_TASK STATEMENT_
Every line from the one containing "this 1270×952 image." to the end of the records below, written out word for word, is the whole answer.

Dataset items:
★ ★ ★ ★ ★ ★ ★

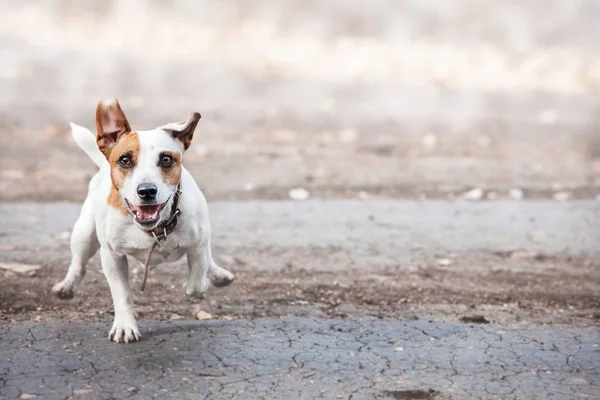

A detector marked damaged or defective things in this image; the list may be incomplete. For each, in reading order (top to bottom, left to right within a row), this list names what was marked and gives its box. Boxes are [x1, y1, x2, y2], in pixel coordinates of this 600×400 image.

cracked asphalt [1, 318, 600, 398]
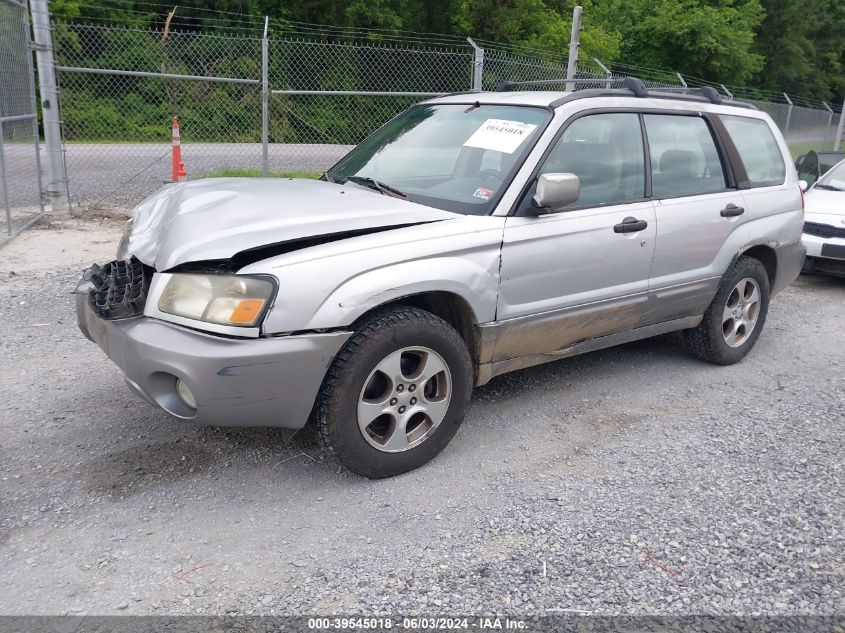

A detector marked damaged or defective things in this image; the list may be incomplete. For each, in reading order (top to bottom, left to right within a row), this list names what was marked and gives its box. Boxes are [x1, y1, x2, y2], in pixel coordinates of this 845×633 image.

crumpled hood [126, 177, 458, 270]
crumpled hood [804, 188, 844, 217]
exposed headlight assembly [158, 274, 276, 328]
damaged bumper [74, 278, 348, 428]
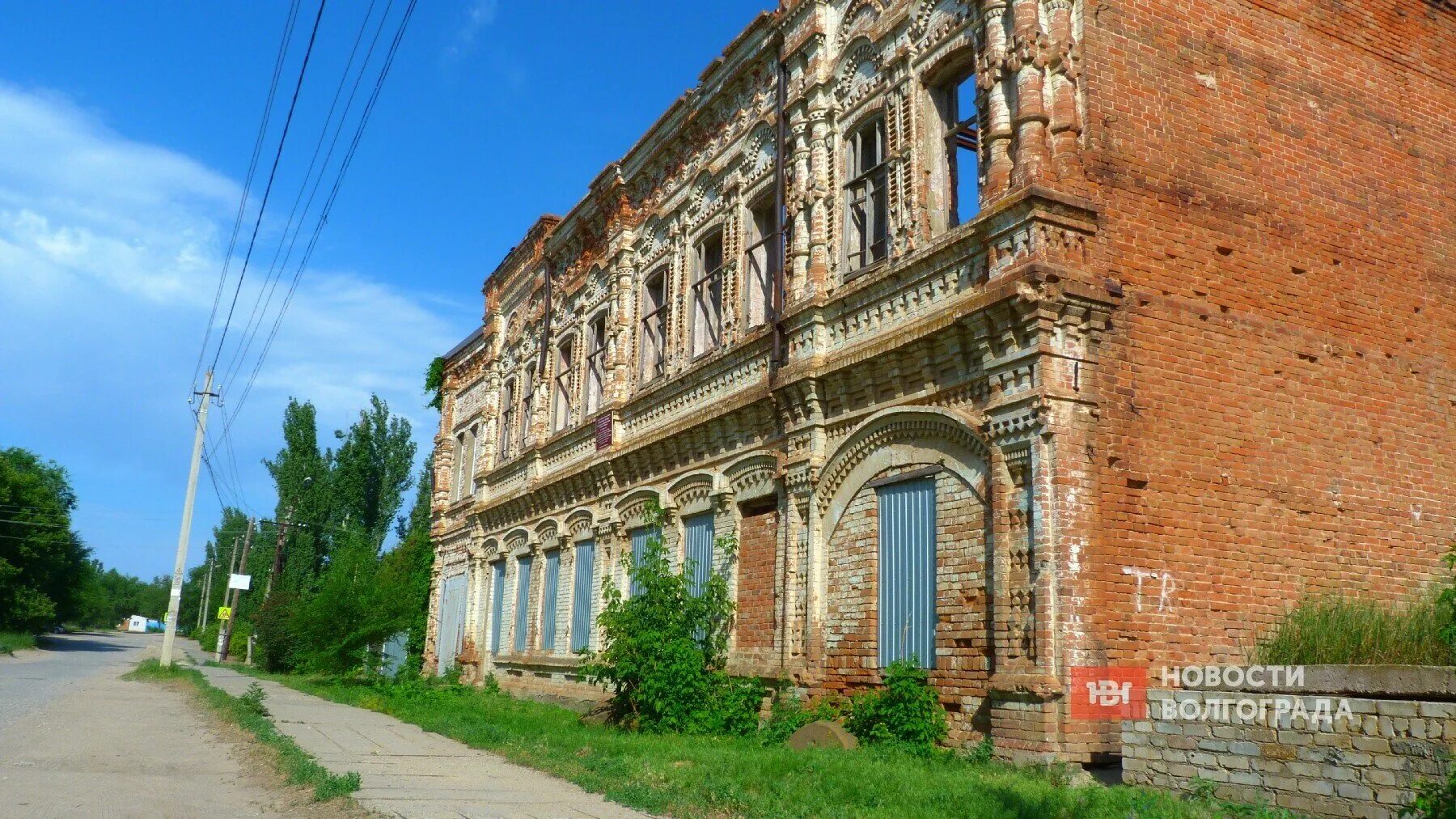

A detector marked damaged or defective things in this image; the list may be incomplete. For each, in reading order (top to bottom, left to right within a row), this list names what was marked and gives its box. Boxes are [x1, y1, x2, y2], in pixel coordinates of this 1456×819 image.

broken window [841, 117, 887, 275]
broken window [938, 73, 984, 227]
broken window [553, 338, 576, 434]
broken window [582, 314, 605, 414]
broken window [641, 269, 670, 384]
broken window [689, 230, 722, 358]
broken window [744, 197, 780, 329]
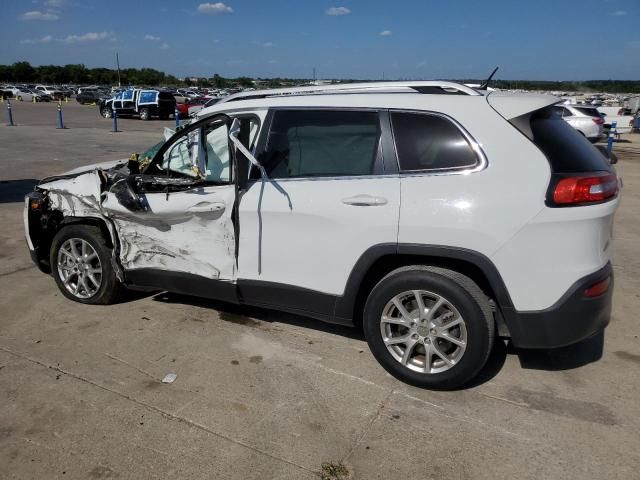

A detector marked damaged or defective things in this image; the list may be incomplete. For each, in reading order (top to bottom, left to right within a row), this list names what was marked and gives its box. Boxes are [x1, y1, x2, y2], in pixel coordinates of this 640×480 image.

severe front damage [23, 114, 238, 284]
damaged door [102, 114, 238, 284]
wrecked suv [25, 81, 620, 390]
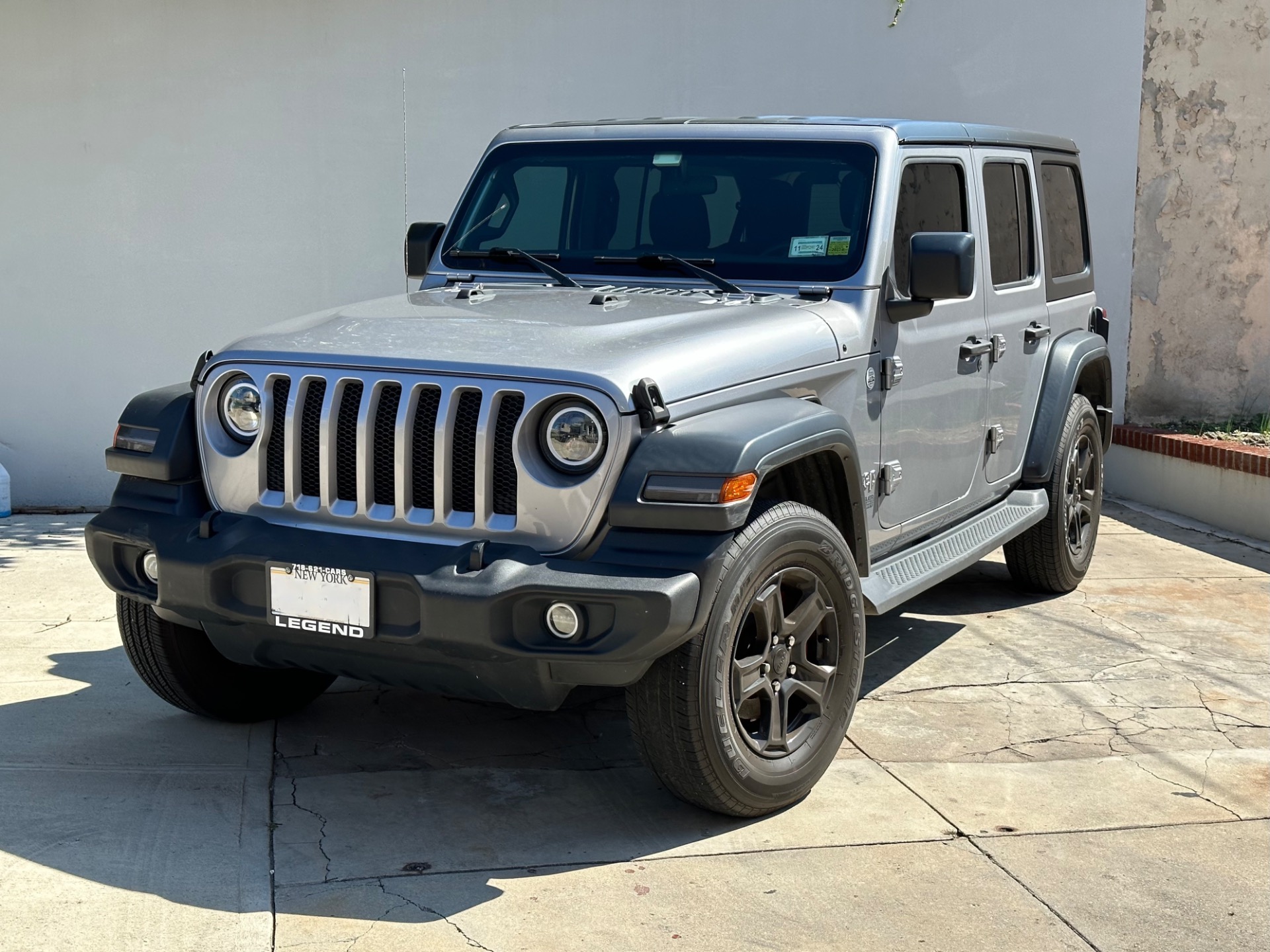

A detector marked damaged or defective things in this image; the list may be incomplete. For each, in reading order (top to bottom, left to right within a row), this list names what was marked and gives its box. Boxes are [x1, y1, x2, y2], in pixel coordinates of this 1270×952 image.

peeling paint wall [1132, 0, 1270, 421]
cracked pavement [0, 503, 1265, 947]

★ ★ ★ ★ ★ ★ ★

_TASK RESULT_
A detector marked damaged or defective things in this image; the list may be incomplete. For each, in reading order (top to bottom, left to right within a row), this list names what was marked and gives its box. Boxes are [x1, y1, x2, y2], in pixel coordinates of this 1270×952 image.

peeling paint wall [1132, 0, 1270, 421]
cracked pavement [0, 503, 1265, 947]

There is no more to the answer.